La déconfiture numérique programmée de Delphine Ernotte.

Le numérique par ci, le numérique par là… Delphine Ernotte en a rebattu les oreilles de plus d’un  Elle n’a que ce mot-là à la bouche… La télévisions est morte ressasse-t-elle à l’envi !

D’où la soi-disant nécessité de virer environ 2000 salariés  (des départs volontaires selon elle) pour permettre la « recomposition des effectifs nécessaire à la transformation » et surtout  pour aller  « chercher les jeunes là où ils se trouvent, sur le numérique ».  Il faudrait de nouveaux profils rajeunis en interne plus tournés vers les nouvelles technologies à la pointe du média numérique mais aussi concurrencer Netflix.

Quelle mascarade!

Si la télévision publique n’est pas encore morte, c’est presque un miracle. Ce n’est pas faute depuis l’été 2015 d’avoir tout fait pour la tuer ! A France Télévisions, l’atmosphère n’a jamais été si délétère et les collaborateurs plus remontés les uns que les autres  abasourdis de voir leur outil de travail ainsi cassé au quotidien.

Le numérique roi, l’arlésienne Salto, les nouveaux modes de consommation tv, etc…vous n’entendez que ça. La semaine qui s’écoule et qui a fait mentir Ernotte une fois de plus, annonce pourtant l’imminente déconfiture à venir.

Ce weekend, après le HuffPost et BuzzFeed, le groupe Vice media a annoncé qu’il prévoyait de réduire de 10% son personnel, soit 250 postes, un nouveau coup dur pour le secteur des médias numériques encore florissant il y a quelques années.

Si Vice était, lors de son lancement en 1994, un magazine de contre-culture qui est peu à peu devenu une société d’édition valorisée à plusieurs milliards de dollars, le groupe a progressivement perdu en audiences.  Sa chaîne Viceland, lancée en 2016 en fort déficit (100 millions environ en dessous du chiffre d’affaires annoncé à 805 millions de dollars pour 2017) n’a réuni en fin de compte réuni que très peu de téléspectateurs.

Ces coupes interviennent peu après le malaise au sein des sites BuzzFeed News –qui prévoit de se séparer de 300 employés au total– et HuffPost, qui a congédié 10% de sa rédaction, soit 20 personnes. S’il n’y avait que cela pour montrer à celles et ceux que le numérique est loin, très loin d’être la panacée…

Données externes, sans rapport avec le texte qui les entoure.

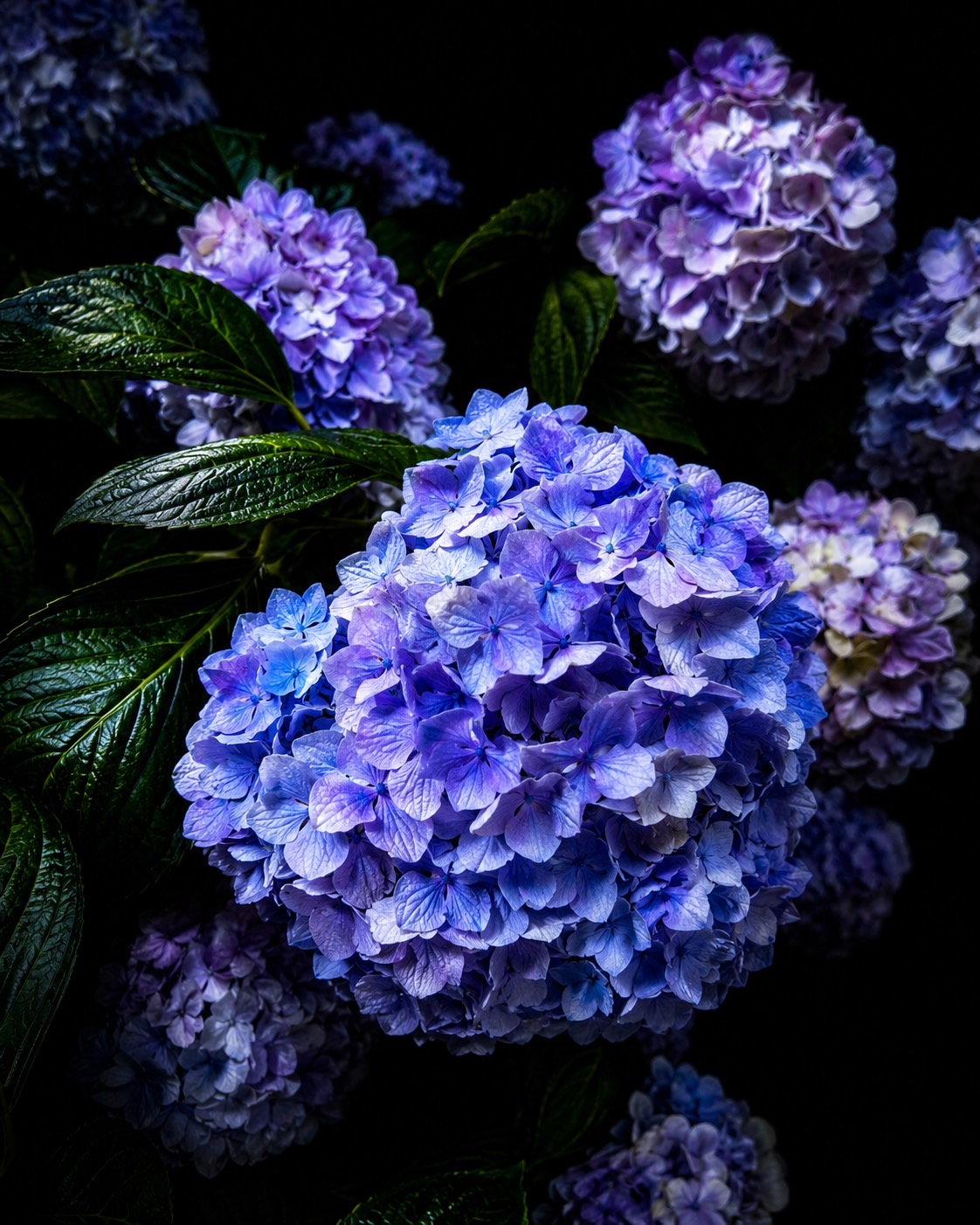 Blue flower photographed up close
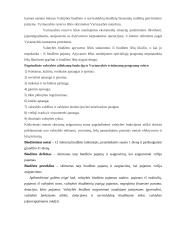 Lietuvos valstybės biudžetas, pajamų formavimas ir jų paskirstymas 4 puslapis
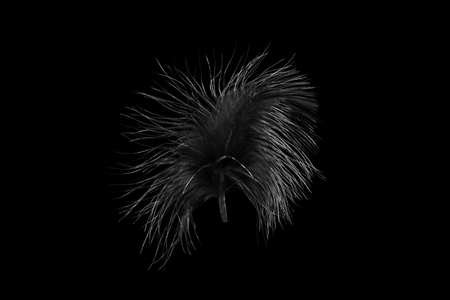Black bird's feather isolated on black background, abstract backgroundの写真素材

La plateforme de streaming Molotov TV devenu depuis son lancement en 2016 l’un des services les plus populaires en France pour accéder aux chaînes de télévision, les enregistrer et accéder aux services de replay, tombe dans l’escarcelle d’Altice.

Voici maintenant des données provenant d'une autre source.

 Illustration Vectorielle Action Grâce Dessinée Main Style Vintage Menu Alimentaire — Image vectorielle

Selon les informations fournies par la société qui dit compter 7 millions d’utilisateurs en France, Altice qui opère dans l’Hexagone sous le nom de SFR –  également présente dans le domaine du média…. entre autres via NexRadio Tv (BFM TV, BFM Business, BFM Paris, RMC Story et RMC Découverte), Libération et L’Express et qui détient pour info les droits de diffusion de la Ligue 1 – devrait  reléguer au grenier l’arlésienne Salto dont plus personne ne voit l’intérêt… si tant est qu’il y ait eu un intérêt un jour !

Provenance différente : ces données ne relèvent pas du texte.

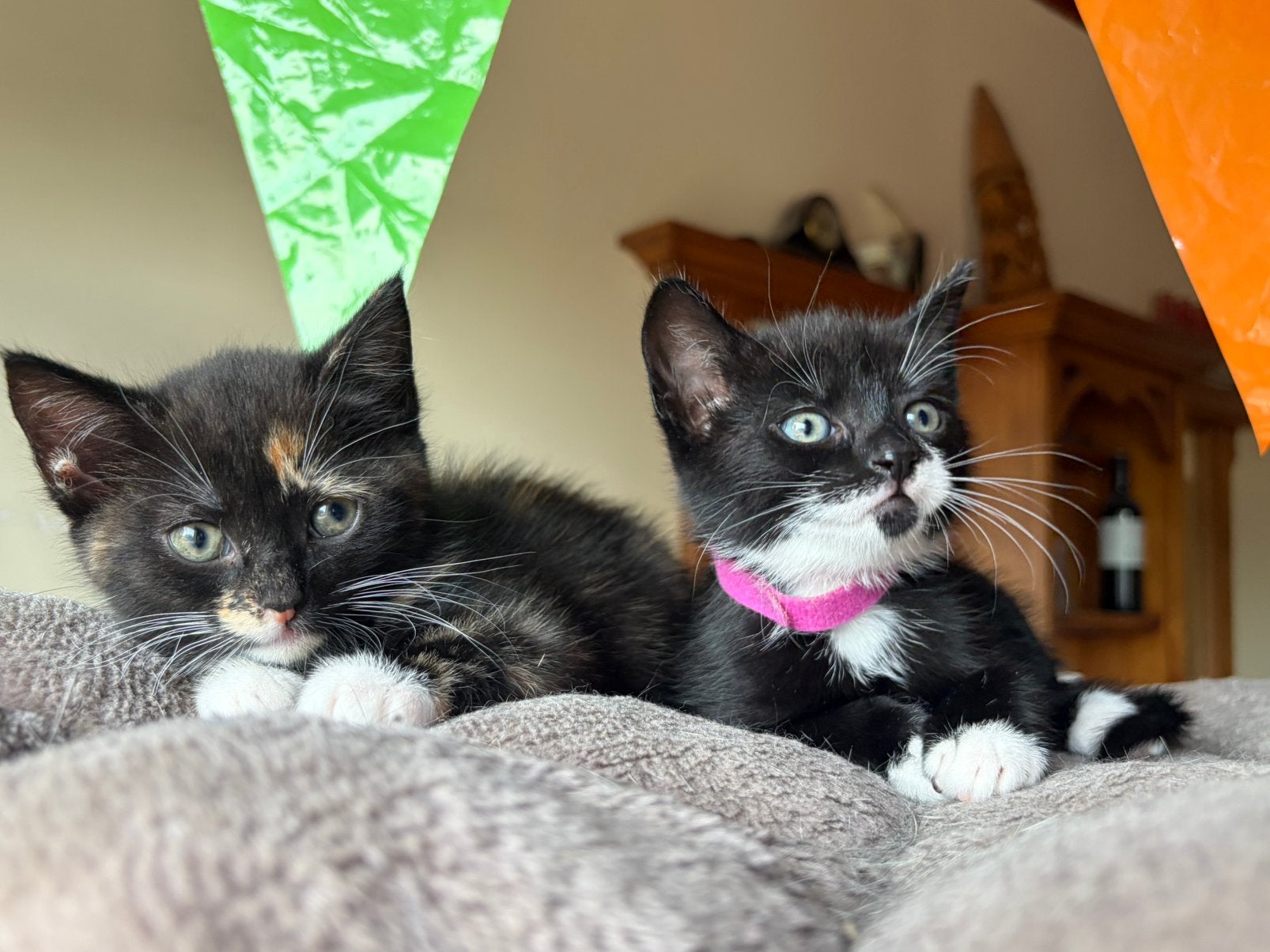 Kittens (bijna) 8 weken, Dieren en Toebehoren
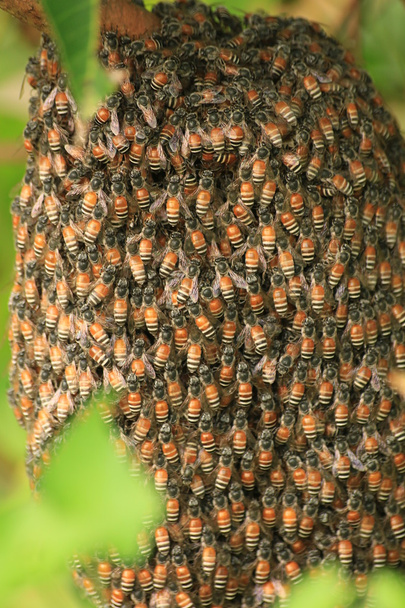 Bee and radiator - Photo, Image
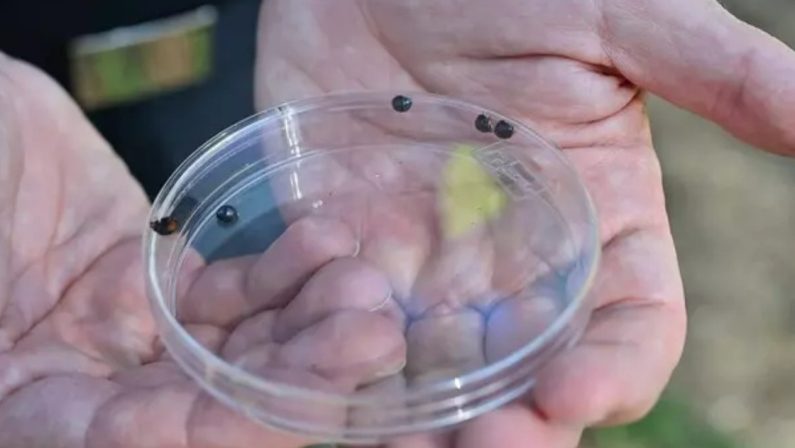 Una coccinella contro il killer dei pini: a Napoli, il primo test mondiale contro la cocciniglia tartaruga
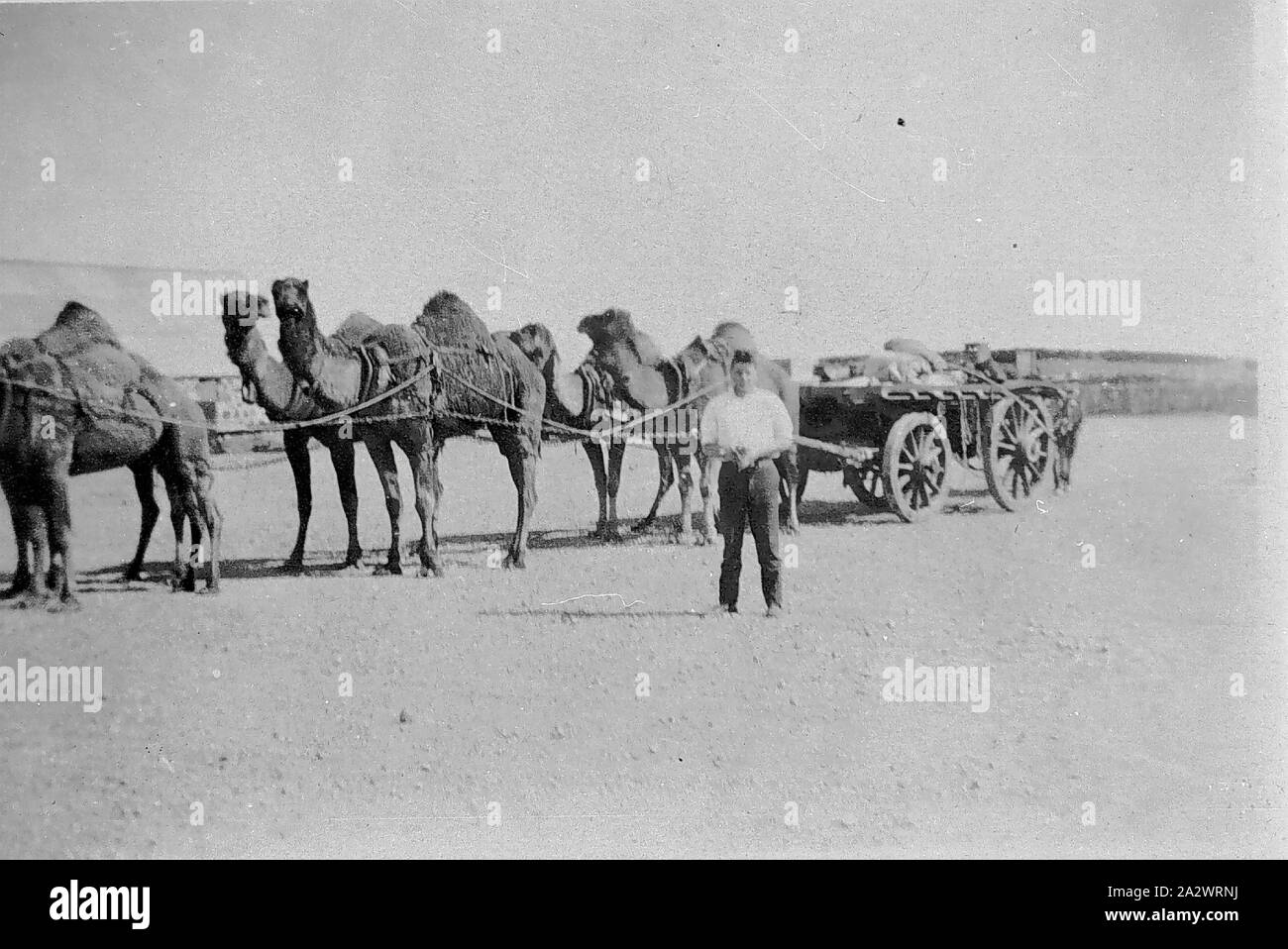 Negative - ein Mann vor einem Kamel Zug, La Coruña Bahnhof, Bügeleisen Knopf District, South Australia, 1928, ein Mann vor einem Kamel Zug auf Corunna Station die Kamele paarweise angespannt sind und ziehen einen Wagen. Das Bild wurde von T. Davidson 1928 gefangen. Die Kamele und deren Kameltreiber half Lieferungen im Inland für die Bergbau- und Schafe Branchen führen, unterstützt den Bau der Overland Telegraph Line, der Canning Stock Route, großen Zaun Linien und die Trans-Australia und Zentralen Australischen Stockfoto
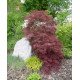 Клен пальмолистий 'Ака Шидаре' (Acer palmatum 'Aka Shidare') 120-140/35-50 С5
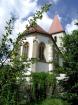 Amberg-Sulzbach: Wanderung durch das Tal der blauen Blumen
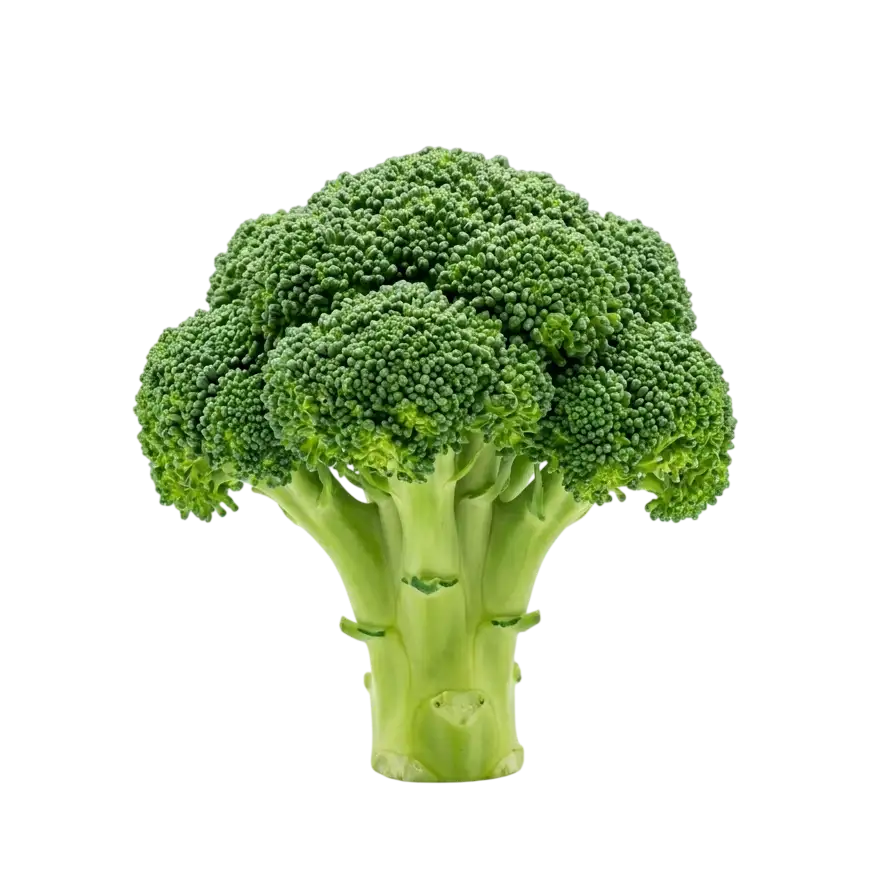 broccoli-0-tcvpe9.webp Broccoli - Image 1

Grâce à cette entrée, les abonnements à des chaînes comme Canal+ et BeIN Sports deviennent plus faciles. Les restrictions relatives à TF1 et M6 (pas d’enregistrement possible, ni de replay) vont aussi disparaître. Par ailleurs, la plateforme profitera de la force de frappe d’Altice pour mieux vendre ses produits.

Tout ça ne va pas arranger « Salto projet toujours dans les limbes »   qui devrait  selon Delphine Ernotte qui s’exprime donc au nom de TF1 et de M6, permettre de « participer activement au rayonnement de la création française et européenne ».

L’État actionnaire devrait, selon plusieurs sources, arrêter les frais.